Rita dancing with her father

Rita dancing with her father in Tijuana

Jim had the TCM channel on, and after dinner, Rita Hayworth came on the screen, in a black and white movie, called Gilda. She radiated such beauty, and grace! You would think that TCM had scheduled the program just for us!

“Did you know Rita’s not doing the singing?” said Matthew.

“Really? She’s not singing in this movie?” I said with a stunned look.

“C’mon Matthew, that’s her voice!” said Jim.

“No no, many movie stars couldn’t sing during the days when the studio bosses were running the show. So a singer called Martha Mears was used very often to replace their voices; all Rita had to do was pretend to sing,” explained Matthew.

“Martha Mears sang with Bing Crosby, she dubbed for Lucille Ball, Sonja Henie, Veronica Lake, Ava Garbor, Maria Montez, and even Claudette Colbert!” said Matthew.

“Well I’ll be darn. Here’s to Martha Mears, what a voice!” said Jim taking a drink from his bottle of Tecate.

“They don’t make movies like these anymore. These days, they don’t make movies about real people, like Gilda,” I said.

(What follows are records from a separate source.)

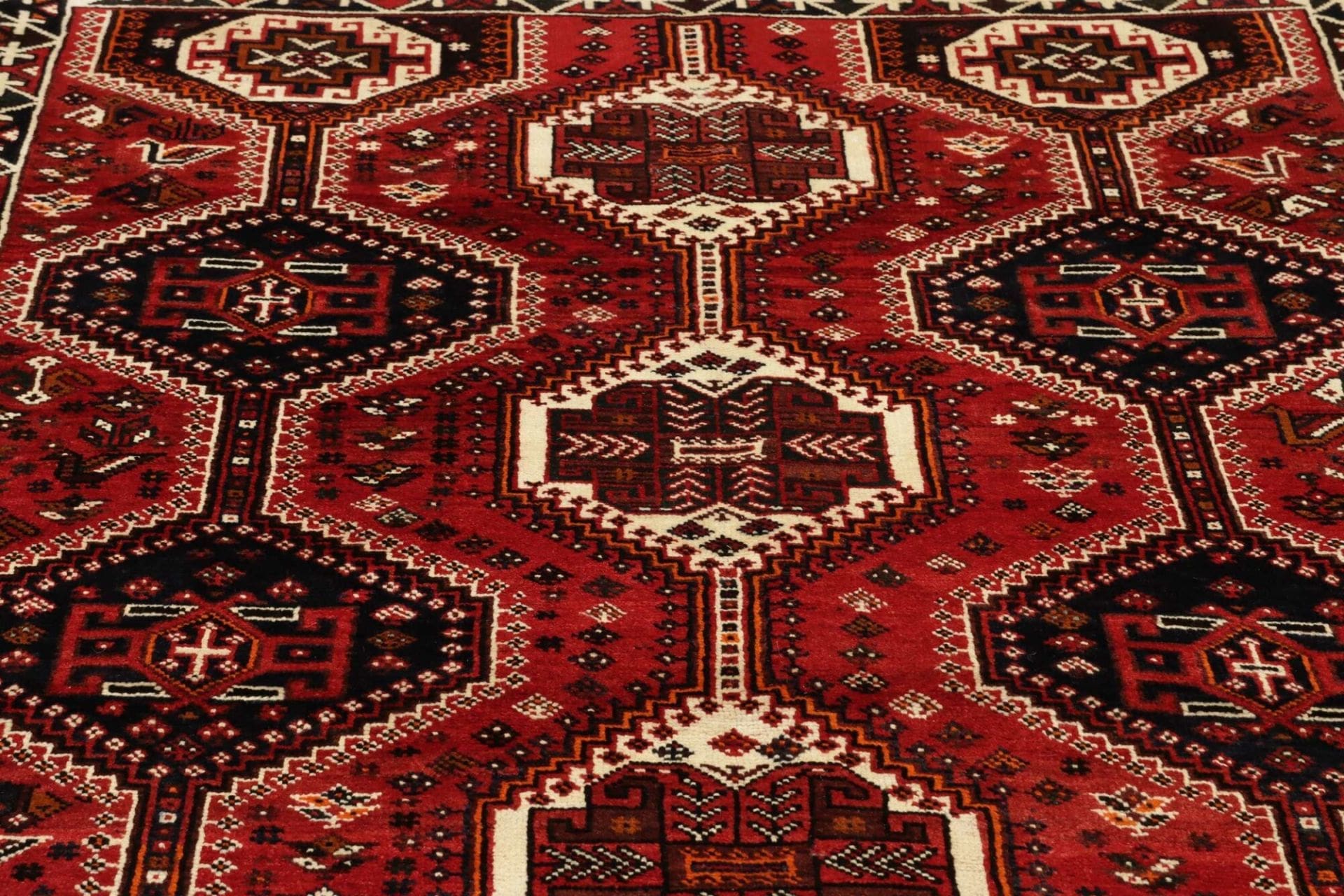 Qashqai Persian Rug 160 × 230 cm in Wool, hand-knotted - Image 7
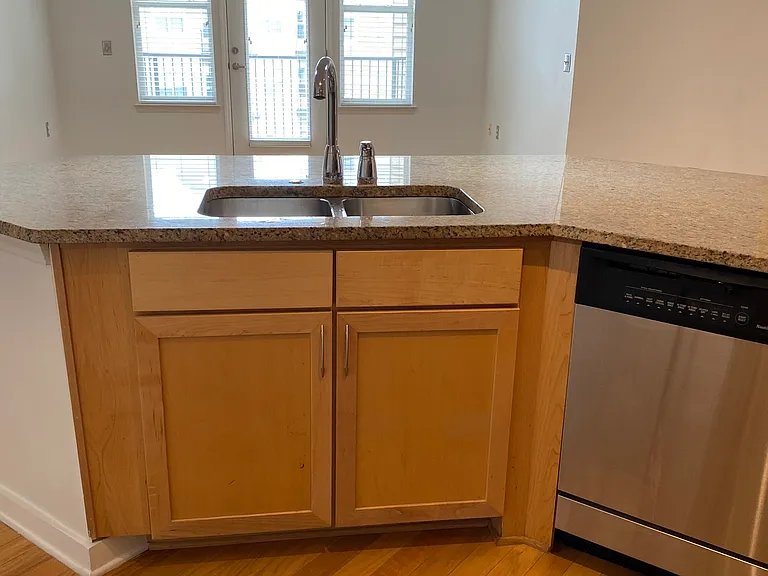 3000 Vanderbilt Pl #320 — Photo 23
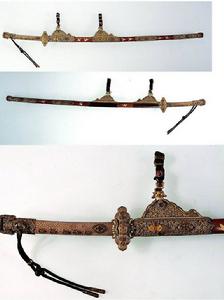 存於東京國立美術館的日本國寶級文物——唐樣大刀，其樣式學的完全是我國唐代的橫刀。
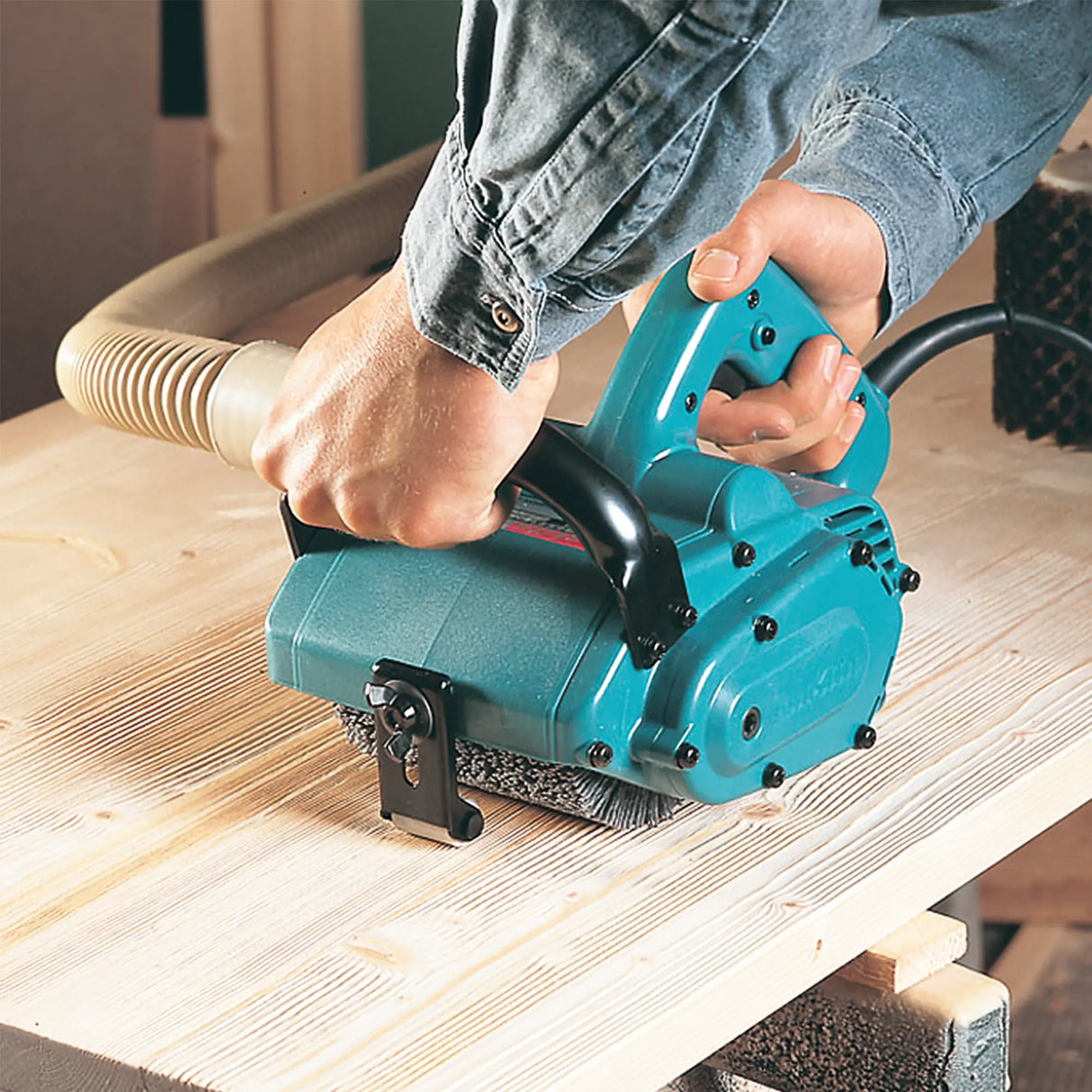 Levigatrice a rullo Makita 9741J 860W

Soon after the movie, Gilda was over, another movie called Blood and Sand came out, starring a much younger Rita with Tyrone Power.

“George Clooney looks just Tyrone Powers!” I said.

We were in for a real treat! We had a date with Rita Hayworth tonight.

The final movie was with a slightly older but still beautiful Rita with Frank Sinatra, called Pal Joey. There was even the gorgeous Kim Novak as well—no match for Rita, though.

“You know, the drink Margarita was named after Rita here in Mexico.” said Jim.

“I know that; we even wrote about it—dontcha remember? Amazing, she and her dad used to dance in Tijuana,” I said.

Once again, we had learned something new.